All the way through. I can't imagine ruining the ending for myself beforehand, but to each their own. I will admit to reading the summaries on the backs of paperbacks or the flaps of hardbacks, though. That's my way of deciding whether the plot seems interesting or not without having to read half of it first.
On my e-reader I read straight through. When I'm reading a paper book I skip around a little bit. I try not to but it's a compulsion.
Kristin Laughtin says
If I'm trying to decide whether I want to read a print book, I'll flip through to random pages to get a sense of it, but when I sit down to actually read it for real, I go straight-through. Well, unless I'm really curious about something later. Then I'll peek ahead, but not to the ending. On my Kindle, though, I always read straight through.
As a writer, I rarely write chronologically! I usually write a few key scenes, any flashbacks, etc., and then I start at the beginning and write all the connecting scenes. I'm an extensive outliner, though, so I don't worry about my narrative not making sense even if I start in the middle and skip around.
I'm a straight-through kind of gal.
My son always skips ahead and reads the ending, though. It used to drive me crazy, until I saw some research indicating that seeing spoilers can actually enhance enjoyment rather than detract from it.

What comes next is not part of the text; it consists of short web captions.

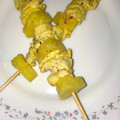 El cooksnap de aniuskam93 cuando hizo Brocheta de pollo y piña con curry.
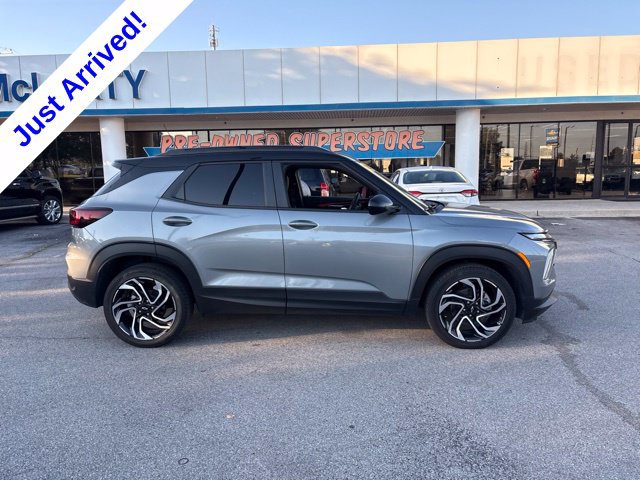 Used 2025 Chevrolet TrailBlazer RS w/ Driver Confidence Package FWD image 2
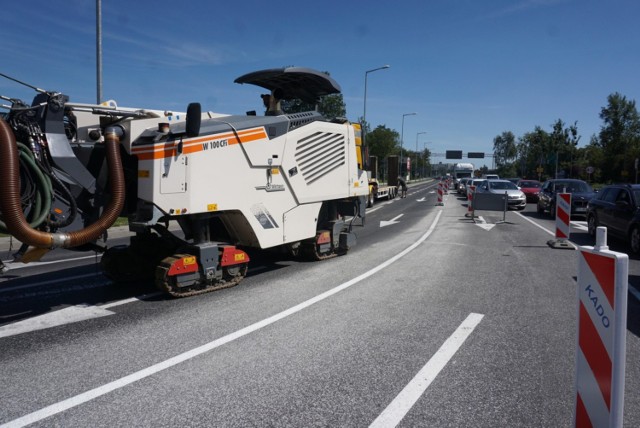 Ekipy drogowe będą dziś pracować na ul. Zamenhofa, Maczka, czy na Podolanach, a torowe - na przejeździe Psarskie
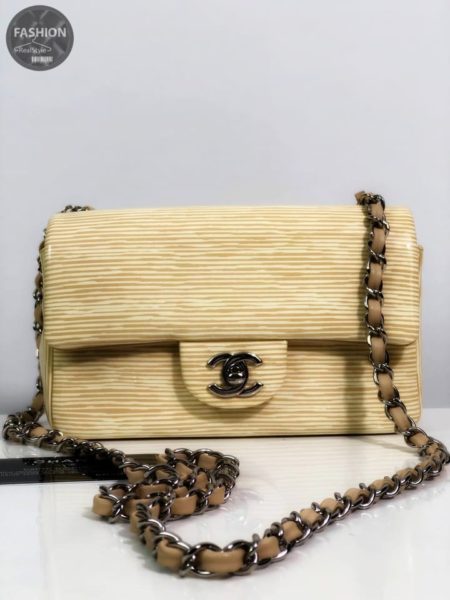 Лакированная сумка Chanel mini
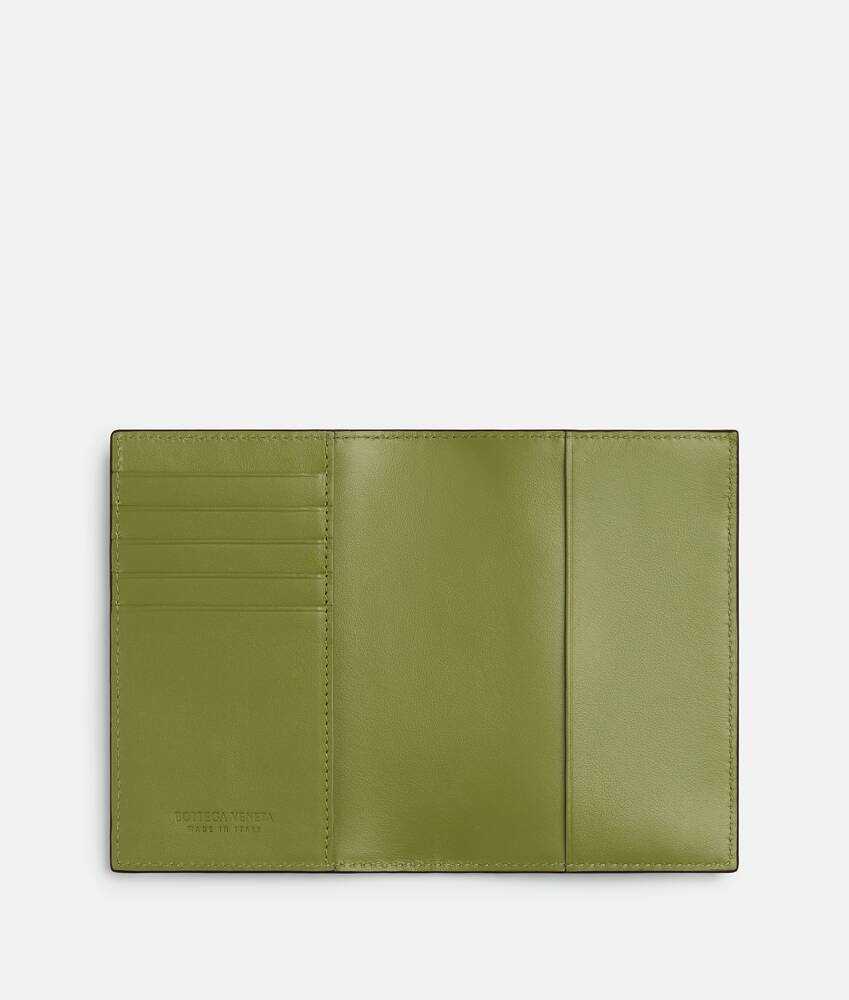 Display a large version of the product image 2 - Intrecciato Passport Case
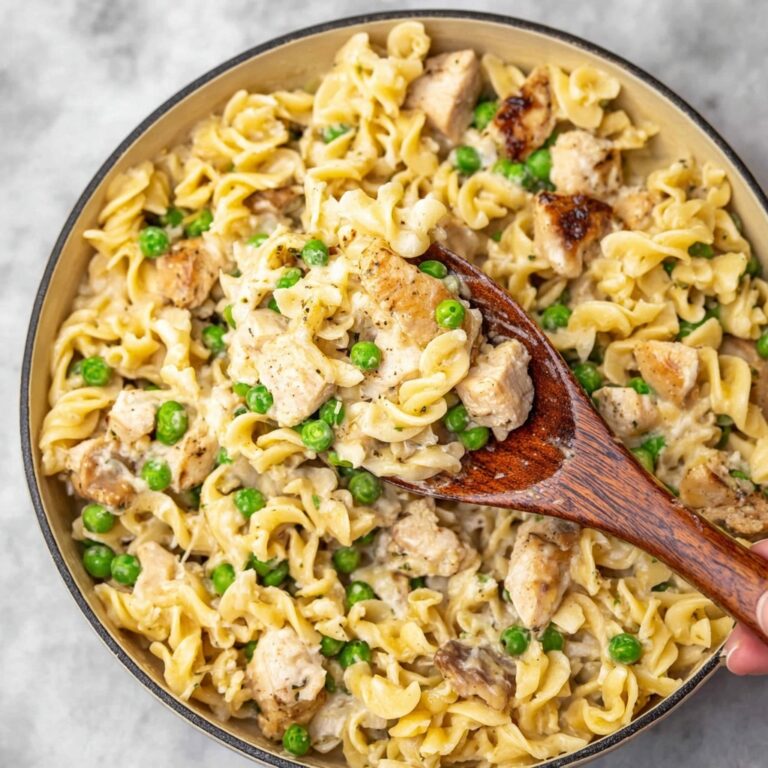 Boursin Cheese Pasta with Chicken and Green Peas Recipe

E-readers must make skimming and skipping ahead difficult for those folks who like to do that.
I skip around- mainly if I'm bored.
I'll also scan the end. I think I started to do that when I read through a book and despised the ending. (I'm good at end-skimming, though. I'm able to catch a few sentences and see if it's worth it. I don't want to spoil the ending- just see if I want to go there.)
If the book is highly recommended or from an author I know, I don't skim.
As I writer, skipping around doesn't bother me. I figure it's my responsibility to keep the reader's eyes where I want them. : )
Although I'm tempted to read what will happen in the end, I always make it a point to read straight through.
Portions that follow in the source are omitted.